**Material for the task:**
□ □ □ □ □

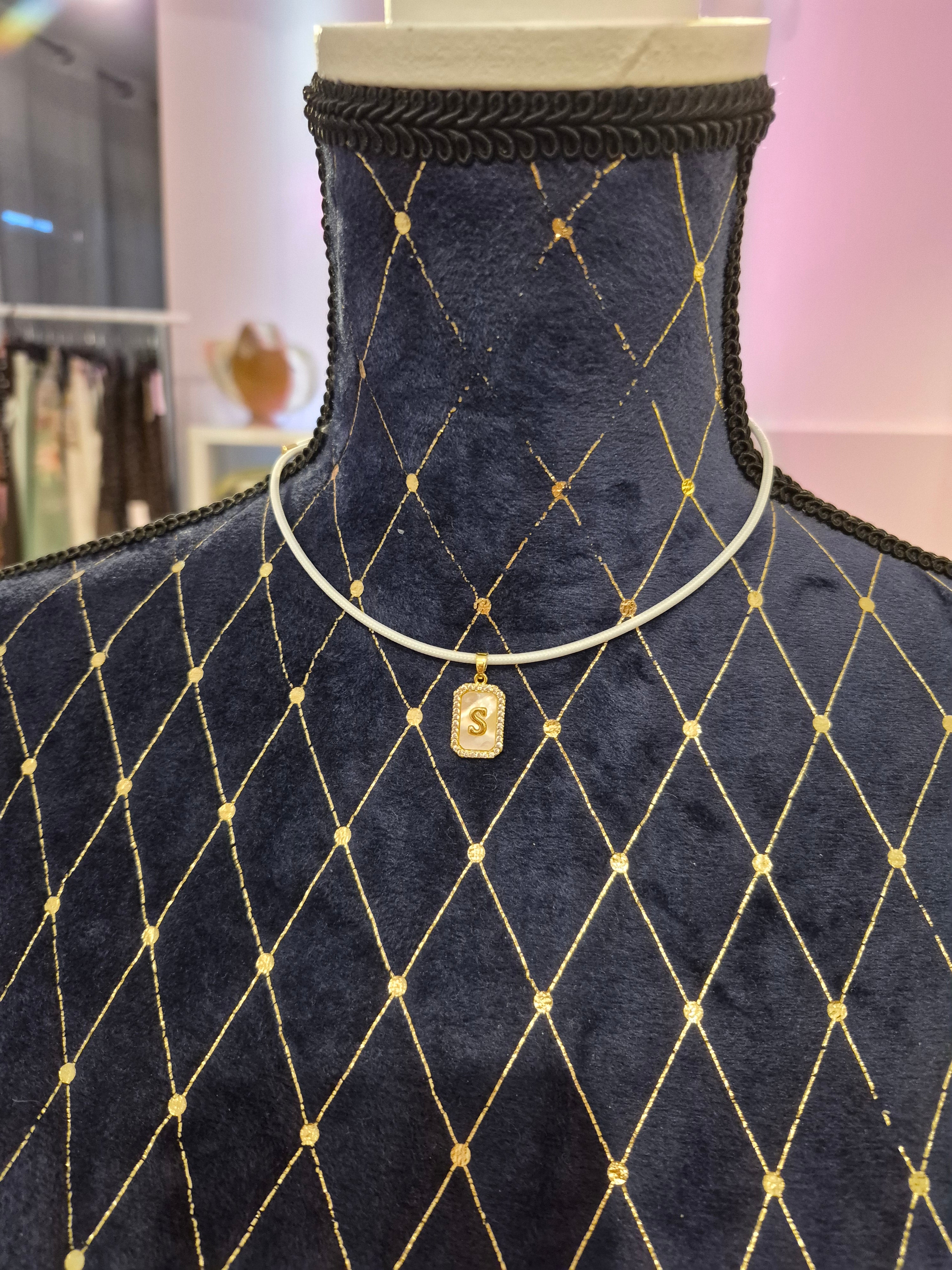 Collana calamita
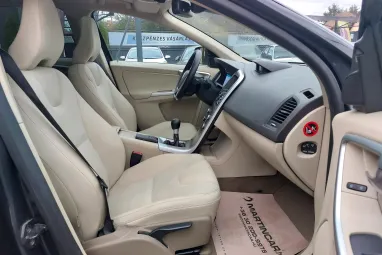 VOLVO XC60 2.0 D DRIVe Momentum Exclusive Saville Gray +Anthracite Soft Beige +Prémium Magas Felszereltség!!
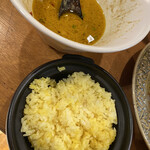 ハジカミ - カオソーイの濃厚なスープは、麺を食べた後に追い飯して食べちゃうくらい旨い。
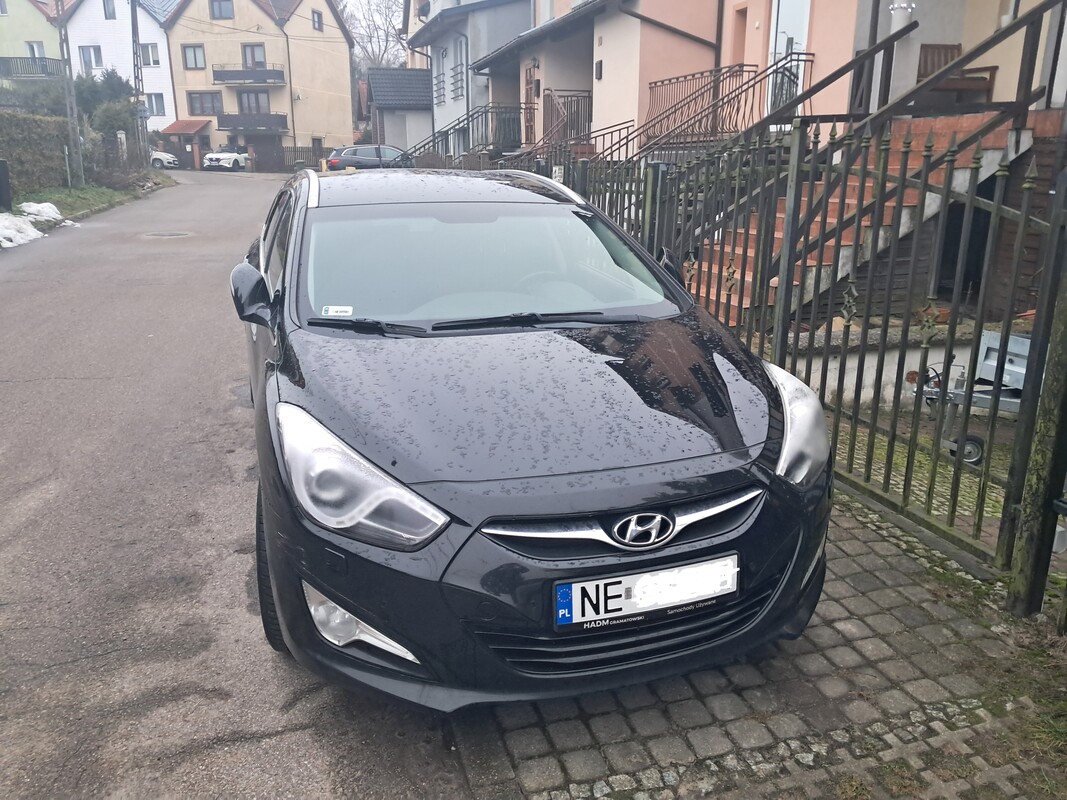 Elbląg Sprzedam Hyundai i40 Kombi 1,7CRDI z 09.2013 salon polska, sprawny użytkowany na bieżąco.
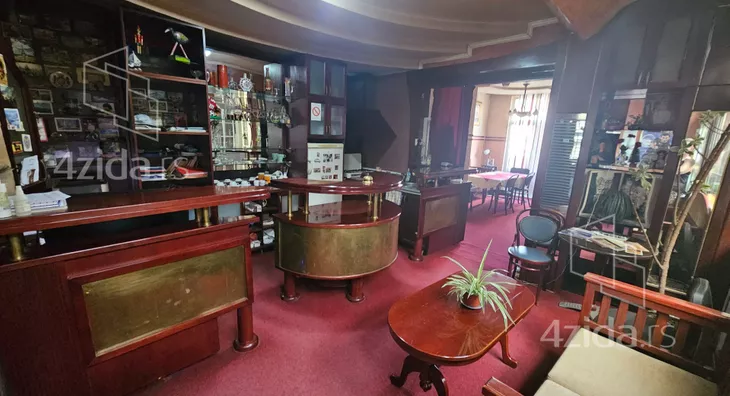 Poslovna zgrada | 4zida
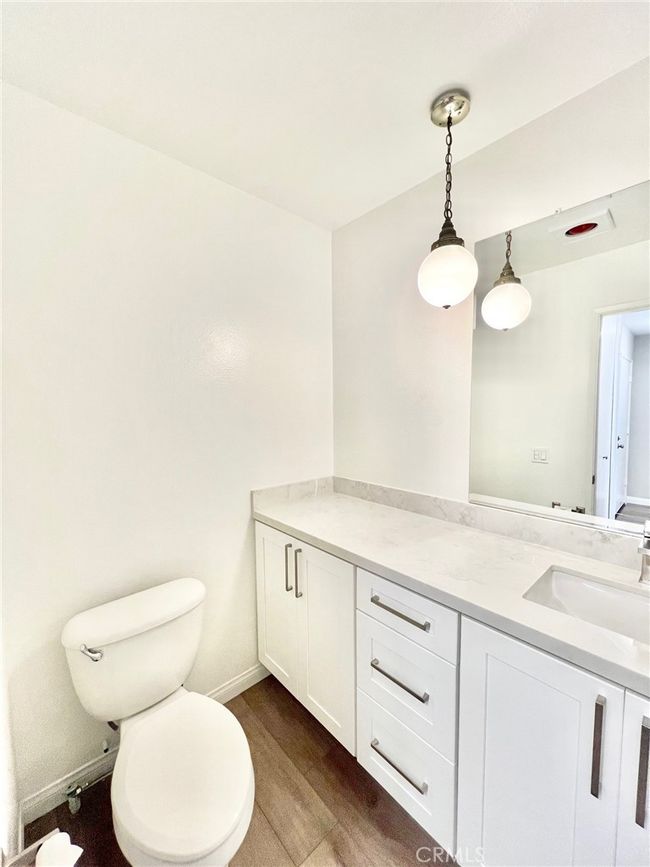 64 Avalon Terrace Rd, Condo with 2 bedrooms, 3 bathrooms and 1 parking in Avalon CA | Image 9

□ □ □ □ □

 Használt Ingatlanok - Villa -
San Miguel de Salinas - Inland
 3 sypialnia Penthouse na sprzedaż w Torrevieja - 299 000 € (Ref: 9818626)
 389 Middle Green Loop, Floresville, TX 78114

□ □ □ □ □

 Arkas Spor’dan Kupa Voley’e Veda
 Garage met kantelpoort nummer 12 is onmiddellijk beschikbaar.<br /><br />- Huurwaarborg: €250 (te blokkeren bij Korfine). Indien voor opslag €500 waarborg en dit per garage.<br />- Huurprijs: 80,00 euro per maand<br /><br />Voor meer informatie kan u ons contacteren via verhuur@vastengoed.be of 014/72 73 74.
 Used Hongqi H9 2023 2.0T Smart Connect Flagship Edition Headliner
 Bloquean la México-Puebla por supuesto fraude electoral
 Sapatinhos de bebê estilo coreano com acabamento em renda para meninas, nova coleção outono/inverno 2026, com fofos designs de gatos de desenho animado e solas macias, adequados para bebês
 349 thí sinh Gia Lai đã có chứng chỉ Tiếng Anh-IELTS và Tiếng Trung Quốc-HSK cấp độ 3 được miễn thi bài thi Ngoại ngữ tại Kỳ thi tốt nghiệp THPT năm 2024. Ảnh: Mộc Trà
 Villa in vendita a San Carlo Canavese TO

□ □ □ □ □

**Exercise goal:**
From the line with "Elbląg Sprzedam Hyundai" up to and including the line with "64 Avalon Terrace" above, retype every line exactly and nothing more; leave out the pictures.

**Output for this task:**
 Elbląg Sprzedam Hyundai i40 Kombi 1,7CRDI z 09.2013 salon polska, sprawny użytkowany na bieżąco.
 Poslovna zgrada | 4zida
 64 Avalon Terrace Rd, Condo with 2 bedrooms, 3 bathrooms and 1 parking in Avalon CA | Image 9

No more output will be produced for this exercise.